Onderzoek op basis van natuurhistorische museumcollecties
Zelfs één graad warmer heeft al ingrijpende gevolgen voor dieren en planten
IPS
26 januari 2023
Slechts één graad opwarming kan al ingrijpende gevolgen hebben voor diersoorten, blijkt uit nieuw onderzoek van de Technische-natuurwetenschappelijke Universiteit van Noorwegen. De onderzoekers bepaalden de klimaatimpact op diersoorten door collecties van natuurhistorische musea te analyseren.
De onderzoekers ontdekten dat het aantal broedende vogels afneemt naarmate het warmer wordt.

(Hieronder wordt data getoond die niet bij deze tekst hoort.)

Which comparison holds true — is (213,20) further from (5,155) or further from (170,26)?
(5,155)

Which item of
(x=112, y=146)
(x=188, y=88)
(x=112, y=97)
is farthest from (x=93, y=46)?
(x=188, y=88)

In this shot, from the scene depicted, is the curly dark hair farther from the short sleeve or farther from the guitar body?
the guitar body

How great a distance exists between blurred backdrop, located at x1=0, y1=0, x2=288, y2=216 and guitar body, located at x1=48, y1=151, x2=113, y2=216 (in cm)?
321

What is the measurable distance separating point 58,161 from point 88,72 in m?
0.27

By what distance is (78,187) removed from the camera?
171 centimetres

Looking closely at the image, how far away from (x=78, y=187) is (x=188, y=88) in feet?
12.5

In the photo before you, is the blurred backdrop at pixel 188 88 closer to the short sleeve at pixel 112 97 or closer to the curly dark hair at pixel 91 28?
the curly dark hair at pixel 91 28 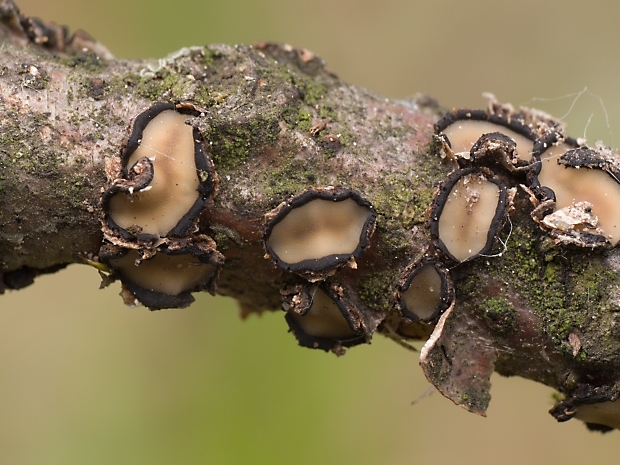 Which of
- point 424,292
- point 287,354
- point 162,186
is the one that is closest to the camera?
point 162,186

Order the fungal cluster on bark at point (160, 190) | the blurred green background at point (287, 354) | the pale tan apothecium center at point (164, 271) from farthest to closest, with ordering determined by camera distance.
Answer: the blurred green background at point (287, 354)
the pale tan apothecium center at point (164, 271)
the fungal cluster on bark at point (160, 190)

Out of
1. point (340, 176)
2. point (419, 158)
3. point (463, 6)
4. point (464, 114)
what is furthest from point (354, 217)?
point (463, 6)

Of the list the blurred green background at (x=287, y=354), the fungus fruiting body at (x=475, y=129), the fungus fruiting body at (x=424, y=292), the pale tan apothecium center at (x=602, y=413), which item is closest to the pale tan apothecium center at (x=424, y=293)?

‘Het klimaat beïnvloedt de levenscyclus van soorten, het aantal individuen van een soort, het totale aantal soorten en de samenstelling en verspreiding van soorten in een gebied’, zegt hoofdauteur van de studie James Speed.
Maar vanaf welke temperatuurwijziging treden er verstrekkende gevolgen op voor diersoorten? Dat is niet eenvoudig te bepalen en verschilt sterk van soort tot soort. Sommige soorten gedijen in een groot en gevarieerd gebied, terwijl andere het slechts in zeer beperkte gebieden goed doen.
Fossielen en logboeken
Onderzoekers van de Noorse universiteit hebben nu een handige methode gevonden om na te gaan hoe soorten in een bepaald gebied gedurende een langere periode door temperaturen zijn beïnvloed.
Ze gebruikten natuurhistorische museumcollecties, zoals fossielen en logboeken, die sinds eind 18de eeuw zorgvuldig zijn opgebouwd. Op die manier hebben ze de reactie van de centraal-Noorse fauna en flora op de klimaatverandering van de laatste 250 jaar in kaart gebracht. Ze selecteerden een aantal soorten, waaronder gewervelde dieren, ongewervelde dieren, planten en schimmels.
De resultaten van de analyse geven duidelijk aan dat zelfs één enkele graad opwarming grote veranderingen kan veroorzaken.
‘Natuurhistorische collecties zijn een essentiële en onschatbare bron voor ecologisch onderzoek over een lange periode.’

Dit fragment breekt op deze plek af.